▶ What is needed
Return all of the data that follows precisely, leaving every image out.

▶ Supplied material
[Start of section]
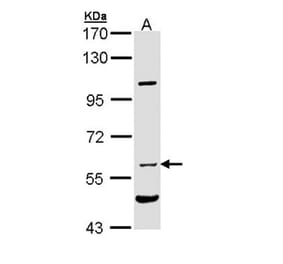 NPR-C antibody from Signalway Antibody (22809) - Antibodies.com
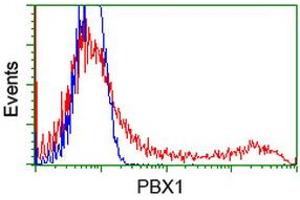 Flow Cytometry (FACS) image for anti-Pre-B-Cell Leukemia Homeobox Protein 1 (PBX1) antibody (ABIN1500045) (PBX1 antibody)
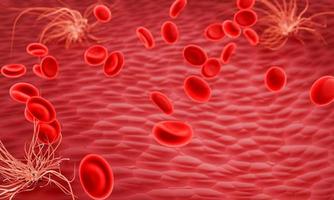 Red blood cells moving in blood vessel for land scape style. 3D rendering. use for background and wallpaper photo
[End of section]
▶ Response below
 NPR-C antibody from Signalway Antibody (22809) - Antibodies.com
 Flow Cytometry (FACS) image for anti-Pre-B-Cell Leukemia Homeobox Protein 1 (PBX1) antibody (ABIN1500045) (PBX1 antibody)
 Red blood cells moving in blood vessel for land scape style. 3D rendering. use for background and wallpaper photo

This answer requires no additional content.